予算を立てようとすると、「食費は手取りの何パーセント」といった目安を探しがちです。ただ、こうした比率は世帯人数・住んでいる地域・働き方によって前提が大きく変わるため、そのまま当てはめてもうまくいかないことが多くあります。

ここでは、一般的な比率ではなく自分の実績を出発点にする立て方を紹介します。

なぜ理想の比率から始めると続かないのか

実際には月45,000円使っている食費に、目安どおり30,000円の予算を立てたとします。1か月目で超過し、2か月目も超過する。3か月目には予算を見るのが嫌になっています。

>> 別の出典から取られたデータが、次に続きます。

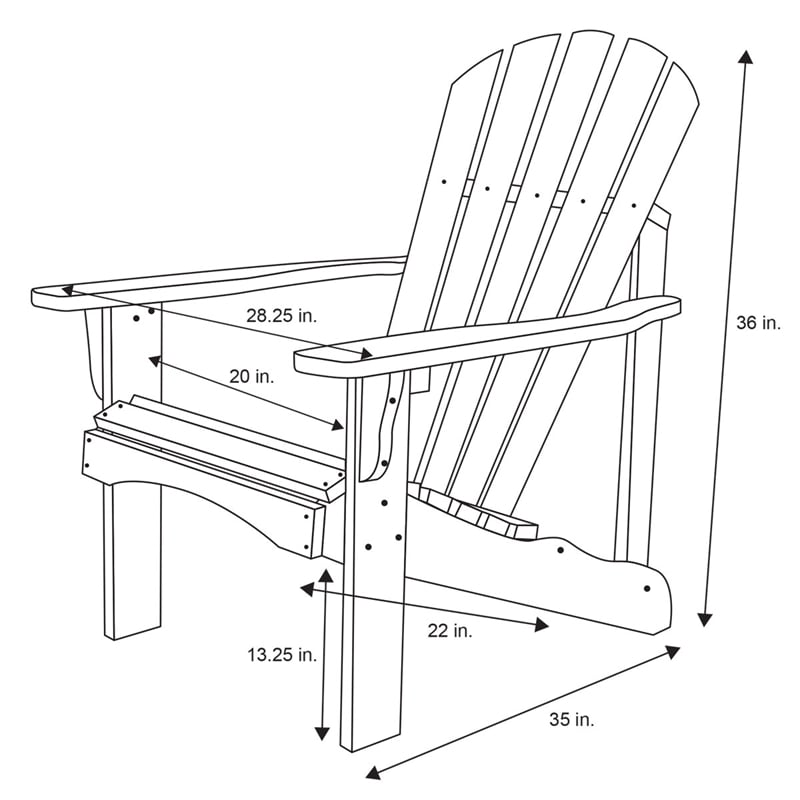 Shine Company Traditional Cedar Wood Patio Deck Adirondack Chair in Beige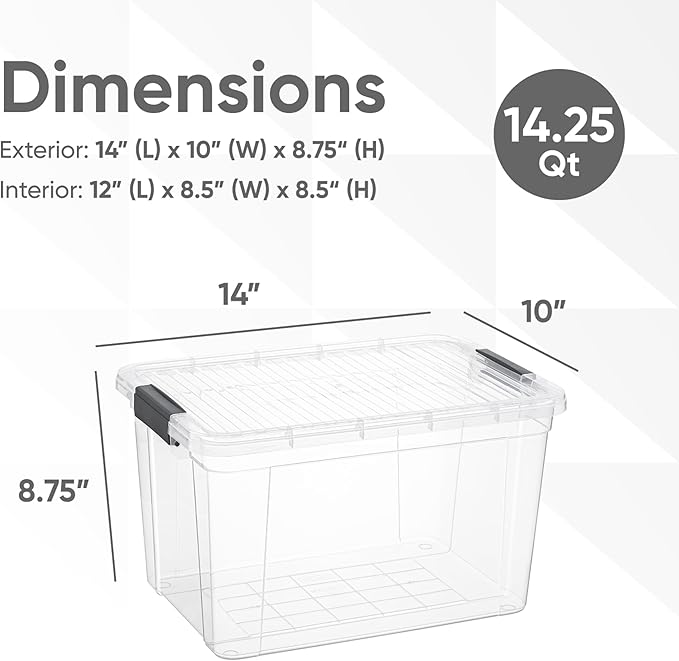 Superio Clear Storage Bins with Lids 14.7 Quart BPA Free Plastic Containers Transparent Boxes for Organizing Stackable Crates Organizer Totes for Home Office School and Dorm
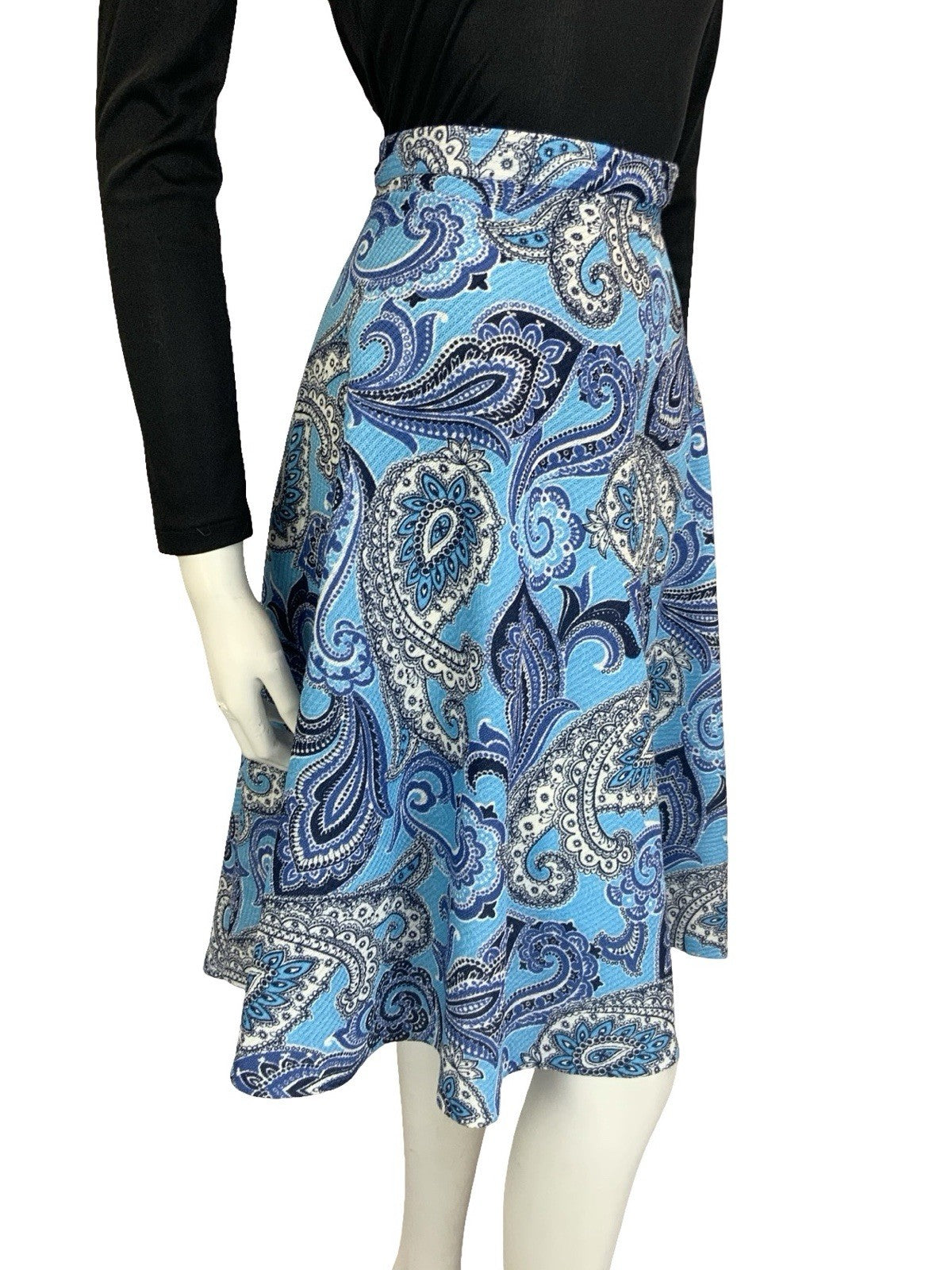 VTG 60S 70S BLUE NAVY WHITE PSYCHEDELIC PAISLEY SWIRL CIRCLE MINI SKIRT 16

予算は、守れて初めて意味があります。守れない予算は、ただの願望です。最初は「今と同じか、少しだけ低い」水準に置き、そこから段階的に下げていくほうが、結果的に早く目標に届きます。

手順1: 過去3か月の平均を出す

まず、費目ごとに直近3か月の平均額を出します。1か月だけだと、たまたま大きな出費があった月かもしれないので、3か月ならしたほうが実態に近くなります。

まだ記録がない場合は、この手順のために1か月だけ「予算を立てずに記録するだけ」の期間を作ってください。遠回りに見えますが、根拠のない予算を立てて挫折するより確実です。

手順2: 固定費と変動費に分ける

家賃・通信費・保険料のように毎月ほぼ同額のものは、予算を立てる対象ではありません。すでに決まっている金額だからです。これらは「合計いくらか」を把握するだけにして、予算のやりくりは変動費に絞ります。

区分扱い
固定費把握するだけ。減らすときは契約ごと見直す家賃・通信費・保険・サブスク
変動費予算を立てて月内で調整する食費・外食・日用品・趣味
特別費年間で見て毎月積み立てる旅行・帰省・家電・税金

3つ目の「特別費」は見落とされがちです。年に1回の出費でも、12で割って毎月積み立てておくと、その月だけ家計が壊れることがなくなります。

手順3: 変動費に予算を置く

変動費の各項目に、平均額と同じか5%ほど低い金額を置きます。いきなり20%減らそうとしないでください。5%なら、買う店を変えたり、買う量を少し調整したりする範囲で吸収できます。

1〜2か月続けて余裕をもって守れたら、さらに5%下げます。これを繰り返すと、無理なく水準が下がっていきます。

手順4: 月末ではなく途中で見る

予算は、月末に結果を確認するためのものではありません。月の途中で「あと何日で、あといくら使えるか」を見るためのものです。

15日の時点で食費の予算を7割使っていたら、残り半月をどう過ごすかを調整できます。月末に見ても、もう調整のしようがありません。

Moneypetでは、予算に対して今どのくらい使っているかをいつでも確認できます。予算より支出が少ないと、ペットの部屋の貯金箱にコインがたまっていきます。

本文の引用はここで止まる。